An estimated 95% of our scientific knowledge about people, their behavior, perception, and preferences is based on studies with “WEIRD” samples, an acronym for participants who are Western, Educated, Industrialized, Rich, and Democratic. My work in Human-Computer Interaction has shown that technology developed for WEIRD users, based on knowledge that is derived from studies with mostly US-based student populations, is often misaligned with the preferences, behaviors, and abilities of a large proportion of the world’s population: Users differ in how they perceive information, what they find appealing, and what they can work with most efficiently.
A possible solution to the conventional “one size fits all” approach is to predict what a user likes and works with most efficiently, and to leverage this knowledge to design user interfaces accordingly. In this talk, I will show how the online experiment platform LabintheWild (www.labinthewild.org) has enabled me to conduct large-scale behavioral experiments needed to build such predictive models.
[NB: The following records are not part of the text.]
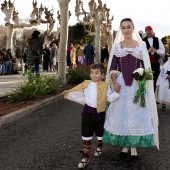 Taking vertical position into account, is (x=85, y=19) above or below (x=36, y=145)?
above

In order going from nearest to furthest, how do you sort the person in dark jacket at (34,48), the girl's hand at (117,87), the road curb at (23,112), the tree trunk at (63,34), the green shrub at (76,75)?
the girl's hand at (117,87)
the road curb at (23,112)
the person in dark jacket at (34,48)
the tree trunk at (63,34)
the green shrub at (76,75)

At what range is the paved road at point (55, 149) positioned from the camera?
471 centimetres

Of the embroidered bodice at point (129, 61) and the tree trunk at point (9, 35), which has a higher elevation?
the tree trunk at point (9, 35)

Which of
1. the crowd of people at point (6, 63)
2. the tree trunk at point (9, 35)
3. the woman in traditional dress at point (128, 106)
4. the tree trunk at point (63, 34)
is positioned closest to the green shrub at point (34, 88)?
the tree trunk at point (63, 34)

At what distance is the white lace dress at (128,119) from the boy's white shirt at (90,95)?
0.19m

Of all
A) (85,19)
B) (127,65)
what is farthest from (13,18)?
(127,65)

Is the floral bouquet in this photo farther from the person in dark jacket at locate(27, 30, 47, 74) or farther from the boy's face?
the person in dark jacket at locate(27, 30, 47, 74)

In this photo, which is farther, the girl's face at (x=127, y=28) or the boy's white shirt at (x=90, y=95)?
the girl's face at (x=127, y=28)

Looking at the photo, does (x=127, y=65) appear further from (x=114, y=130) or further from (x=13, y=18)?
(x=13, y=18)

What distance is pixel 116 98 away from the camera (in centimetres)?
487

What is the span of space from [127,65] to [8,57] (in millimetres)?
16140

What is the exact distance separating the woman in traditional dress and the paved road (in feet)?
0.85

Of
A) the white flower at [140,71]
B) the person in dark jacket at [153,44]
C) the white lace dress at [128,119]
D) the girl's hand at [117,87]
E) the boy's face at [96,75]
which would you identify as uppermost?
the person in dark jacket at [153,44]

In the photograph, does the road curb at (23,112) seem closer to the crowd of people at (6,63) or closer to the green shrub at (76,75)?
the green shrub at (76,75) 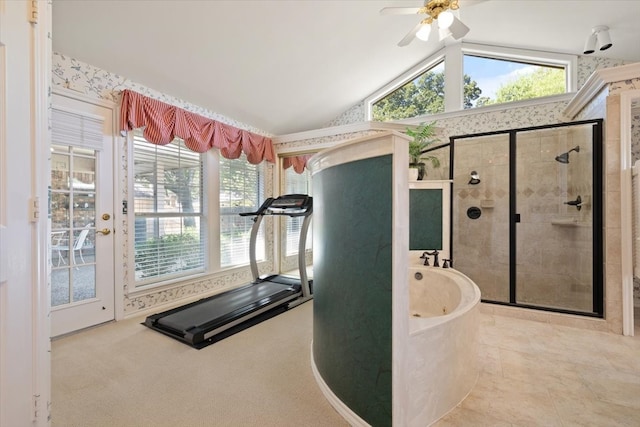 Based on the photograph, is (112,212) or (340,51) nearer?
(112,212)

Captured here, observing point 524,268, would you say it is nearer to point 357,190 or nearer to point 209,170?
point 357,190

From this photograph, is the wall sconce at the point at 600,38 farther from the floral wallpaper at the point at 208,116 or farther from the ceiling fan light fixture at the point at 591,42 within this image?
the floral wallpaper at the point at 208,116

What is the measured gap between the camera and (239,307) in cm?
305

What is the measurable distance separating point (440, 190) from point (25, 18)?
3.45 meters

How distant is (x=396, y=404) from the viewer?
134cm

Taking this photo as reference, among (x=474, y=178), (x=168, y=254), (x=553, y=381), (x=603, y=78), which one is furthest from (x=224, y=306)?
(x=603, y=78)

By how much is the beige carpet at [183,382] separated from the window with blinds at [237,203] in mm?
1746

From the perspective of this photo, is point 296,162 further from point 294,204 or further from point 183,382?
point 183,382

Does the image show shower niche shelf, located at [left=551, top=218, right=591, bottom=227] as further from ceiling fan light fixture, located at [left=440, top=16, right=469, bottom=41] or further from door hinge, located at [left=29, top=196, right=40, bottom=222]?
door hinge, located at [left=29, top=196, right=40, bottom=222]

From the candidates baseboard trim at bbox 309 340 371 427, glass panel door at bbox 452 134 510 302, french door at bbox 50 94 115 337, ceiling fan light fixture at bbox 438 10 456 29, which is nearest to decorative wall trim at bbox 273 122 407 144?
glass panel door at bbox 452 134 510 302

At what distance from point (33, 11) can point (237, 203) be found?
3.40 m

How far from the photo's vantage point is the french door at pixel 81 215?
2621 millimetres

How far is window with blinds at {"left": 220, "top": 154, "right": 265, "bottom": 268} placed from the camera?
4.23m

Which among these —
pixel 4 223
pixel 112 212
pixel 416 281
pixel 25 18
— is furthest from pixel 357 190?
pixel 112 212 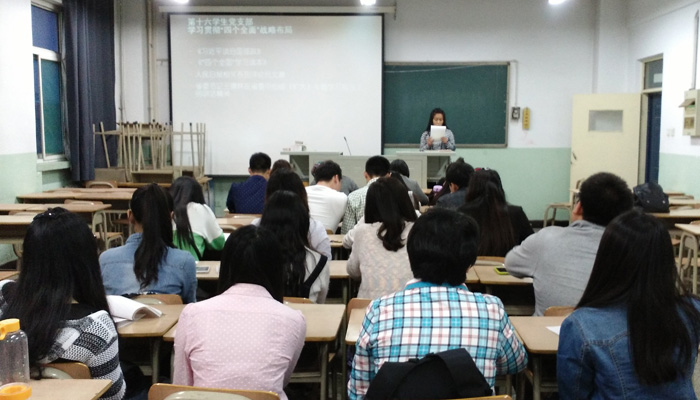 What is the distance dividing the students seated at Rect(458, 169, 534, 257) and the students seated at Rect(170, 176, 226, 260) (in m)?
1.45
LabintheWild enables participants to compare themselves to others in exchange for study participation; a feedback mechanism that has attracted an average of 1,000 participants a day from more than 200 countries and various demographic groups. I show how LabintheWild experiments have enabled me to study less WEIRD users than possible in conventional laboratory studies, and how the results of these studies allowed me to build systems that predict what users like.
Katharina Reinecke is an assistant professor in the Computer Science & Engineering department at the University of Washington. Prior to that, she was an assistant professor at the University of Michigan School of Information and the Department of Computer Science. She received her Ph.D. in Computer Science from the University of Zurich, Switzerland, and spent her postdoctoral years at the Harvard School of Engineering and Applied Sciences. Her research in human-computer interaction focuses on understanding how culture affects users’ perception, behavior, and preferences when interacting with technology. Using data from her online experiment platform LabintheWild.org, she builds systems that predict the suitability of user interfaces for people around the world. Katharina has received Best Paper awards and nominations at premier venues in human-computer interaction (ACM CHI, ACM CSCW, UMAP), a Google Research Faculty award, as well as the Mercator Prize for the best doctoral thesis at the University of Zurich in 2011.